■ TASK ITEM
The pictures stay out; all of the data is to be printed exactly.
^^^^^^^^
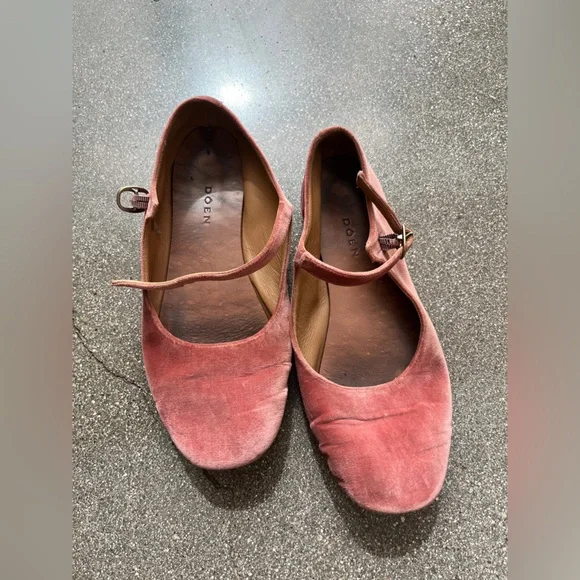 DOEN Pink Velvet Mary Jane Slippers Ballet Flats - Picture 2 of 12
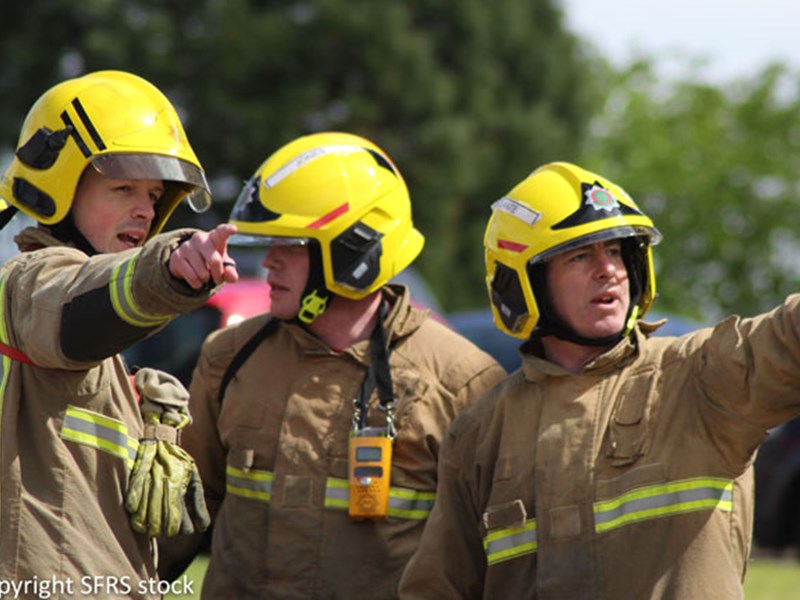 Three firefighters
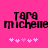 Pixelated text 'Tara Michelle' in black on bright pink background with five pink asterisks below, showing animation change in asterisk positions.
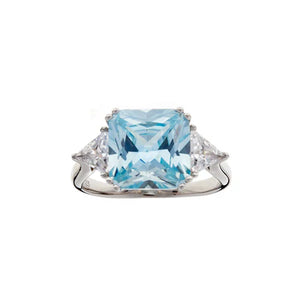 Sybella Lottie Aqua Rhodium Square Ring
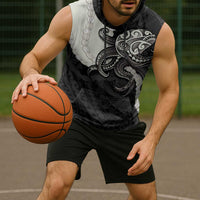 Black Polynesia Tribal Octopus Tattoo Sleeveless Hoodie Pikake Lei Polynesian Pattern LT14 - Polynesian Pride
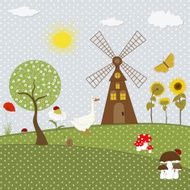 Set of nature textile stickers N2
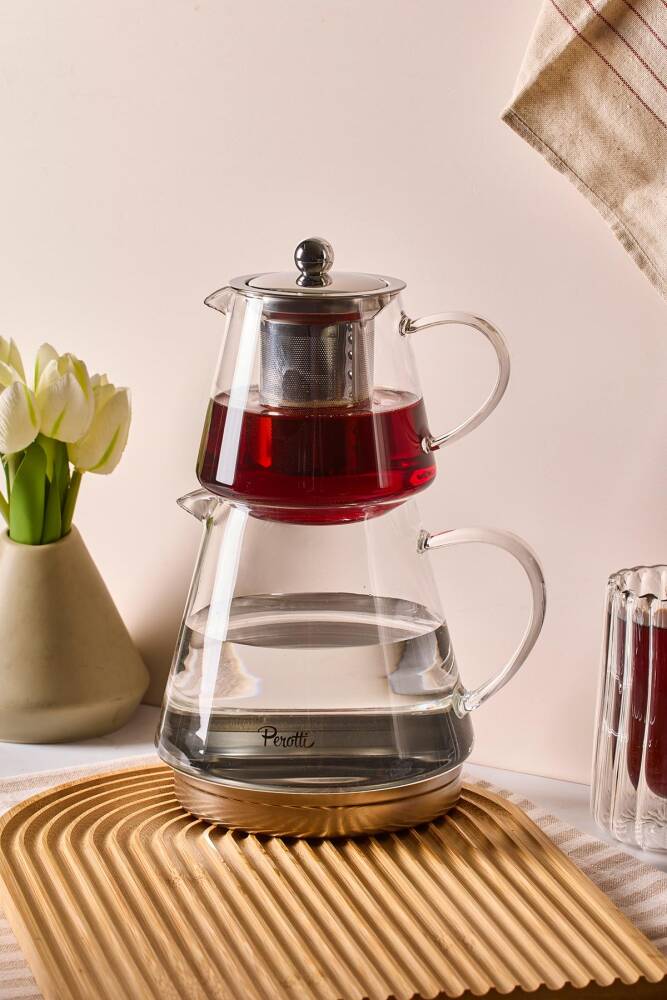 Flavio İndüksiyon Tabanlı Borosilikat Cam Çaydanlık Takımı 550 ml Demlik 1000 ml Suluk - 1
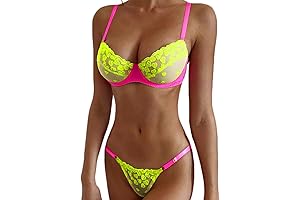 Alluring Glow: Radiant Neon Panties with Heartfelt Embellishment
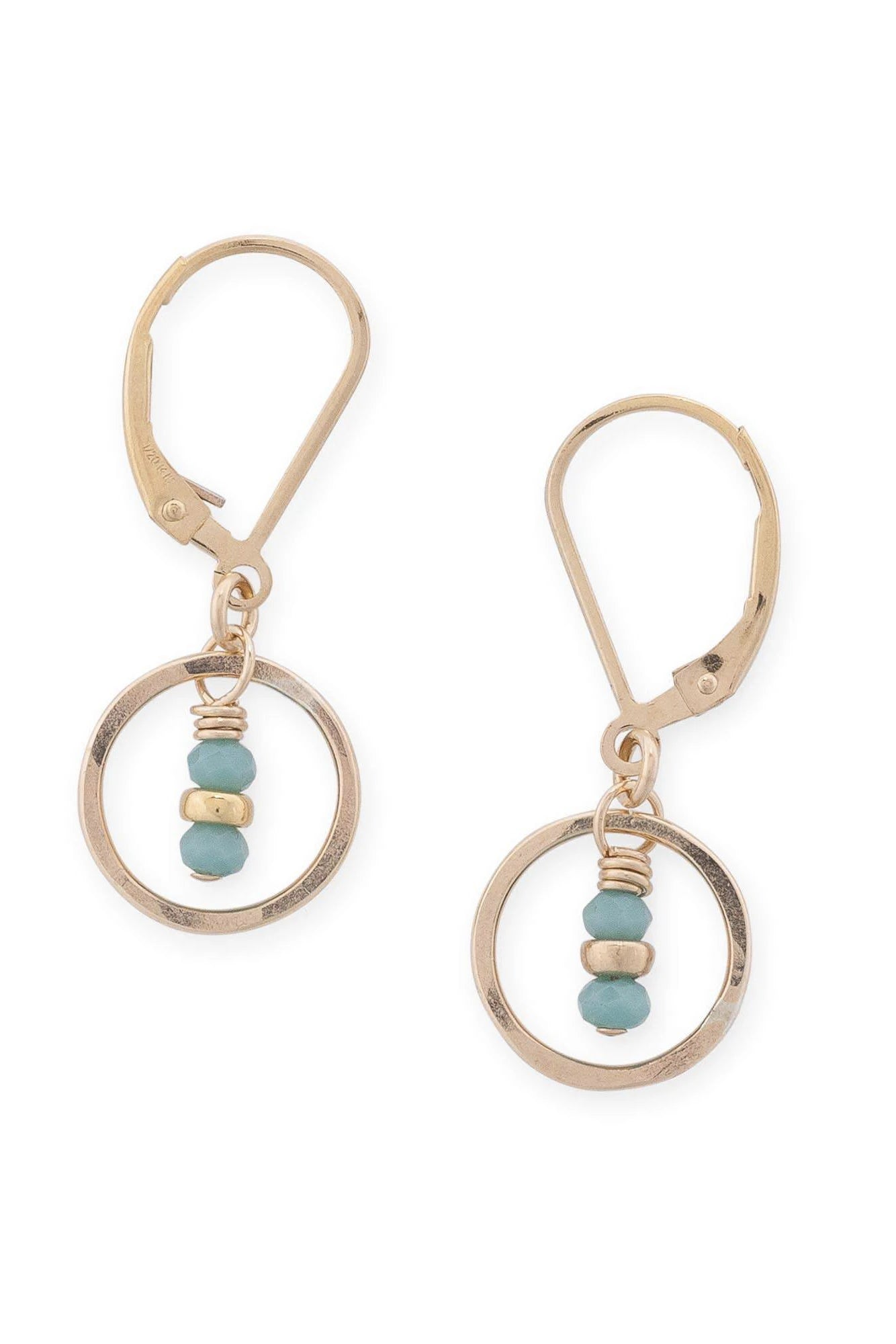 Tiny Gold Circle Earrings with Turquoise Crystals on a white background - L'Atelier Global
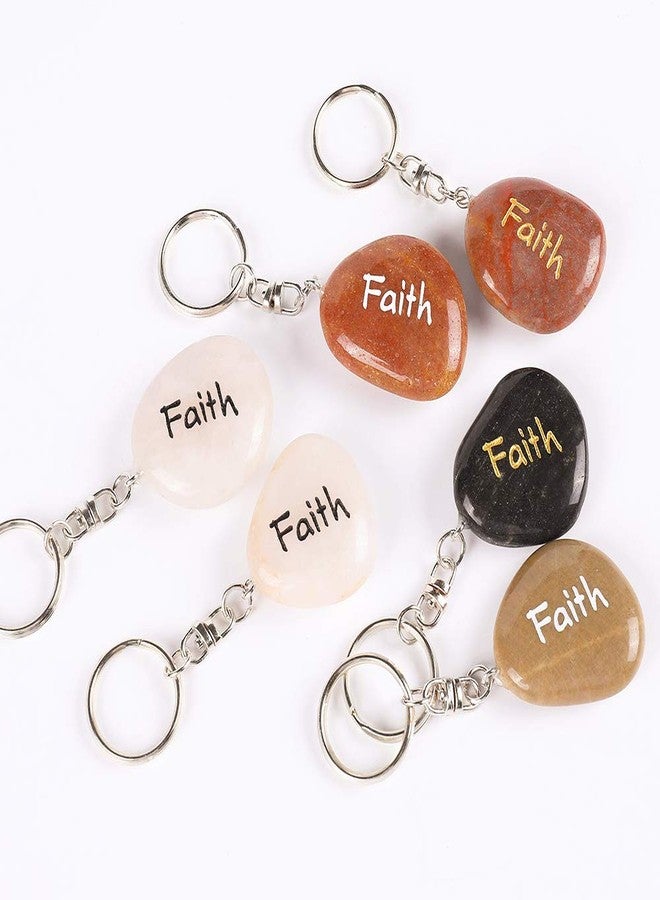 ROCKIMPACT 50PCS Faith Inspirational Stones Key Chains, Faith Wholesale Lot, Engraved Natural River Rock Faith Stone Key Rings Keychains, Healing Stone Keychain (50 Pieces, Faith) - Image 5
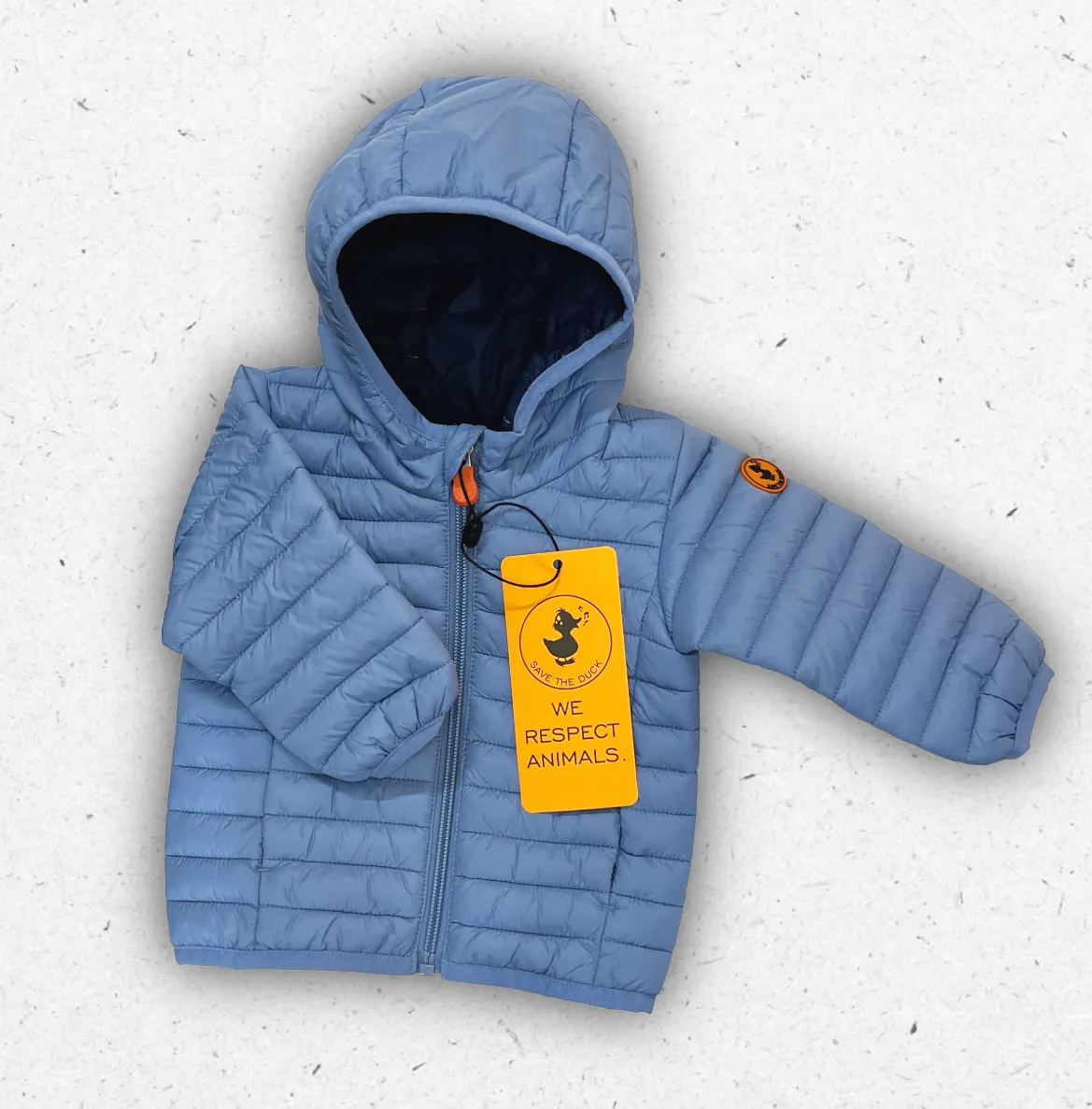 Piumino leggero 100 grammi da neonato Save The Duck modello NENE con cappuccio, disponibile in celeste e blu.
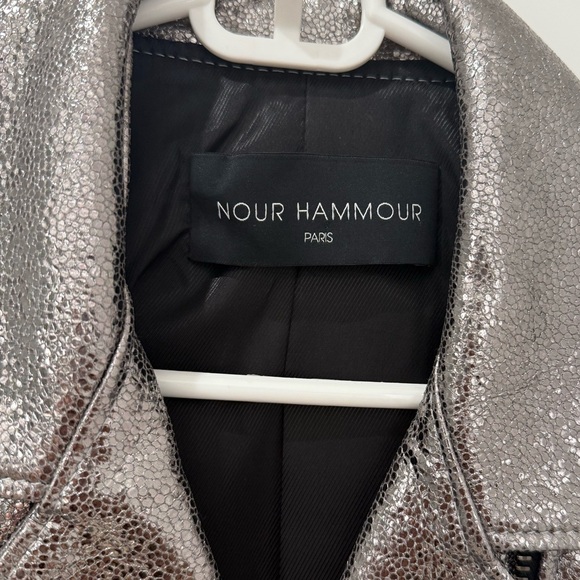 Nour Hammour Daphne Metallic Leather Moto Jacket - Picture 5 of 8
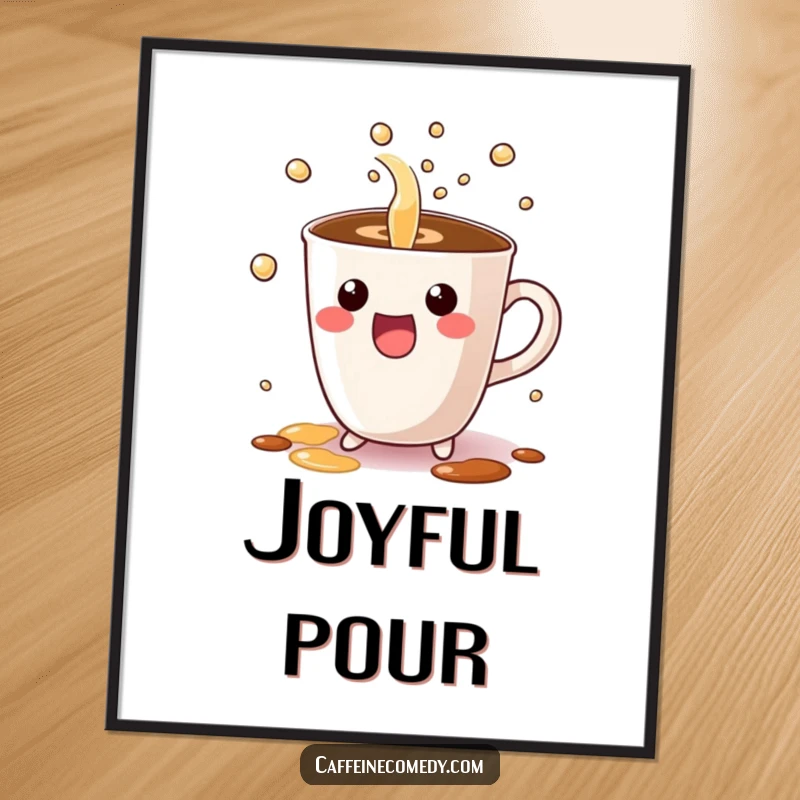 Funny poster of a Kawaii coffee cup character excitedly pouring bubbly liquid, adding cute and humorous energy to wall decor.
^^^^^^^^
■ RESPONSE BELOW
 DOEN Pink Velvet Mary Jane Slippers Ballet Flats - Picture 2 of 12
 Three firefighters
 Pixelated text 'Tara Michelle' in black on bright pink background with five pink asterisks below, showing animation change in asterisk positions.
 Sybella Lottie Aqua Rhodium Square Ring
 Black Polynesia Tribal Octopus Tattoo Sleeveless Hoodie Pikake Lei Polynesian Pattern LT14 - Polynesian Pride
 Set of nature textile stickers N2
 Flavio İndüksiyon Tabanlı Borosilikat Cam Çaydanlık Takımı 550 ml Demlik 1000 ml Suluk - 1
 Alluring Glow: Radiant Neon Panties with Heartfelt Embellishment
 Tiny Gold Circle Earrings with Turquoise Crystals on a white background - L'Atelier Global
 ROCKIMPACT 50PCS Faith Inspirational Stones Key Chains, Faith Wholesale Lot, Engraved Natural River Rock Faith Stone Key Rings Keychains, Healing Stone Keychain (50 Pieces, Faith) - Image 5
 Piumino leggero 100 grammi da neonato Save The Duck modello NENE con cappuccio, disponibile in celeste e blu.
 Nour Hammour Daphne Metallic Leather Moto Jacket - Picture 5 of 8
 Funny poster of a Kawaii coffee cup character excitedly pouring bubbly liquid, adding cute and humorous energy to wall decor.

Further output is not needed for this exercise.